A system study on the liquids and gels and emulsion section of filling and packing department of the Splash Corporation

Date of Publication


Document Type


Degree Name

Bachelor of Science in Industrial Engineering


Gokongwei College of Engineering


Industrial Engineering

Thesis Adviser

Siy, Eric

Defense Panel Chair

Gutierrez, Alma Maria Jennifer

Defense Panel Member

Zalatar, Willy


Splash Corporation has grown from being a backyard business in 1985 to a world class and competitive company.

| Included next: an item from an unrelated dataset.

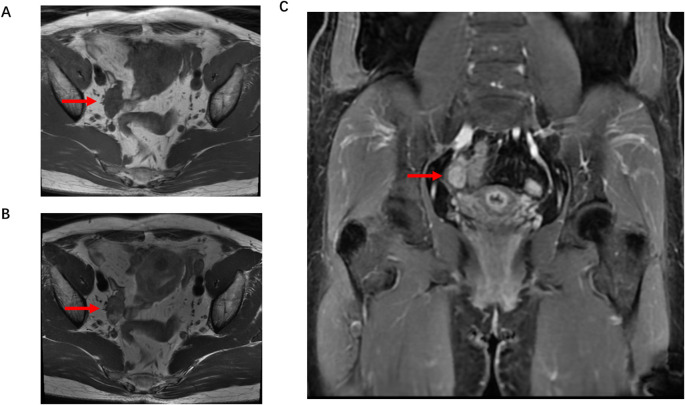 Figure 2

In its 23 years in the industry it has provided quality products and has given employment to our fellow Filipinos. It is currently the largest Filipino-owned company that competes strongly in an industry that has long been dominated by big multinational corporations.

But even with its competitive state, the filing and packing department of Splash Corporation has consistently exceeded its Cycle Time Index(CTI) target of 1.05 from June 2006-July 2007 which resulted to opportunity loss of Php2,411,139.87. With the use of a Fish Bone diagram and Pareto Analysis tool, the problem areas have been identified by the proponent. The root causes identified were Machine Breakdown, Machine Clogging, Meeting during production runs, and Changeover Errors. These problems comprise 87.51% of the total causes of delays that increased the actual cycle time. The delays, in turn, have increased the CTI by 38.24% of its allowable 1.05.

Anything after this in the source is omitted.